The other part has a close relationship with customers in the operating system, which is realized by installing cloud assistant services in the instance. When a customer initiates a diagnosis, the cloud assistant executes open source scripts on the customer instance to collect real-time data, including load classes and configuration classes, such as real-time detection of CPU, memory, iOS and other load classes in the current customer's OS, or DHCP, IP and other configuration classes.
Alibaba Cloud platform diagnosis and diagnosis within the operating system constitute a health diagnosis service. At present, the health diagnosis service has been output to the console for cloud customers, and also to the internal cloud products. In the near future, OpenAPI will also be launched.

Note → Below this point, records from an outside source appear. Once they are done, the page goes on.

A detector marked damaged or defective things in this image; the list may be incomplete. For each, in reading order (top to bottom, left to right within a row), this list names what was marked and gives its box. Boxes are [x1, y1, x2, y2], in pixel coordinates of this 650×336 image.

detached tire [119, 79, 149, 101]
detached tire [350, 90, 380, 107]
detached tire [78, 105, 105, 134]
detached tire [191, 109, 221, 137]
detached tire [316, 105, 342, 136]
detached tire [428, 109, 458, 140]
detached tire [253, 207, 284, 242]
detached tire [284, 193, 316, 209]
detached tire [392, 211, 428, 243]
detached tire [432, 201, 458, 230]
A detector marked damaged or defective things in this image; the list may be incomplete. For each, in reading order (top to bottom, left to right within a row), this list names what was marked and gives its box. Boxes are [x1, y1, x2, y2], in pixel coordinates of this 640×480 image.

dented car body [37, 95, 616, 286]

03 Integrated diagnosis realizes automatic operation and maintenance
For small and medium-sized customers without their own operation and maintenance platform, we recommend using the diagnostic products directly on the console, which is convenient and fast. The diagnostic products also provide many detailed schemes for customers' reference.

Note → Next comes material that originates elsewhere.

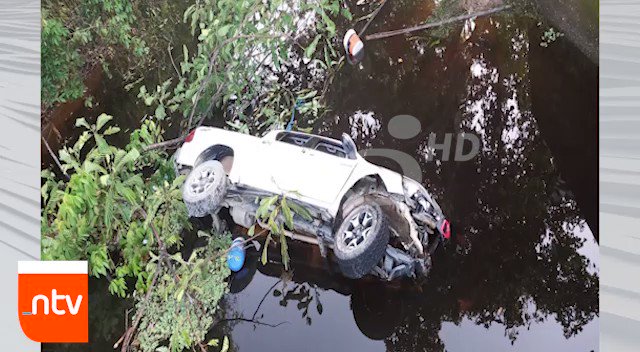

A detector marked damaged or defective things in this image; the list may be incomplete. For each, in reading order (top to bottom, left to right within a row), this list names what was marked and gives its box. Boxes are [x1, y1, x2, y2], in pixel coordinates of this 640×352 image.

overturned white pickup truck [172, 127, 448, 280]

For medium and large users with their own O&M systems, it is recommended to integrate them into their own O&M systems in the form of APIs, which are efficient and convenient. For example, the monitoring system can be integrated with diagnosis. When the monitoring system finds that the instance load is abnormal, it will directly call the diagnosis API and handle according to the diagnosis results; The diagnostic service can be integrated into the patrol system to perform real-time diagnosis on some core instances of the cluster every day. If there is any abnormality, it can be replaced or expanded in time; The diagnosis service can be integrated into the background operation and maintenance system for use by the personnel on duty. For example, when the RDS instance initiates a diagnosis, it can also initiate a diagnosis on the ECS layer at the same time.

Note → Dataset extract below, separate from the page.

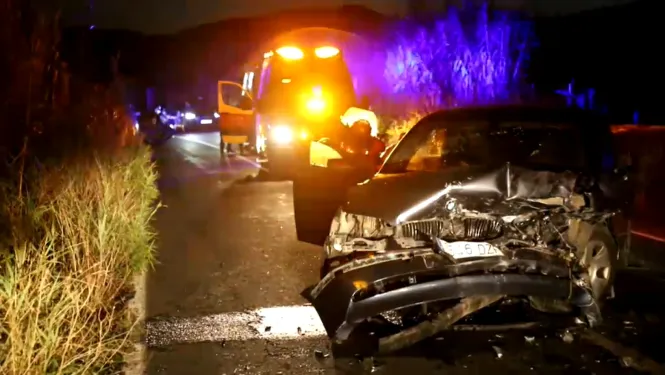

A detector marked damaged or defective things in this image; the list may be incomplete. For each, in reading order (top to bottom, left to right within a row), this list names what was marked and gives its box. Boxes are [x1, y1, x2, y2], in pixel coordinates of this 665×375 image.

damaged front grille [400, 217, 504, 241]
wrecked dark car [292, 106, 632, 356]
crushed car hood [344, 164, 592, 223]
crumpled front bumper [308, 251, 600, 342]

In addition, the diagnosis product also combines the O&M orchestration capability. It has opened many public templates for O&M orchestration, which can quickly implement scheduled O&M and event driven O&M, and also provides the capability of batch operation, such as batch initiation of diagnosis or cross region initiation of diagnosis. All the above capabilities can be directly implemented on the OS console using public scripts. At the same time, it also supports ECS products to trigger operations based on the diagnosis results. For example, if the diagnosis results indicate that the current instance is overloaded, you can trigger the creation of a new instance or upgrade configuration; If the diagnosis results show that the cloud disk capacity is full, you can trigger the capacity expansion command.
Self service diagnostic tools are expected to be the general entrance to ECS product problem location and troubleshooting. In the near future, we will release the Open API for health diagnosis, and we are also intensively developing more diagnostic capabilities. In addition, a technology circle has been established in Alibaba Cloud's official community for professional communication and sharing among peers in the industry.
Q&A link, audience questions
Why don't you perform automatic repair after Q1 automatic diagnosis?
A: We have tried some automatic repair, but the effect is not good. First, some repair actions are risky; Second, the repair action may require user authorization. Therefore, we finally decided to only provide the repair solution to the customer.
Q2 How accurate is the problem discovery and positioning?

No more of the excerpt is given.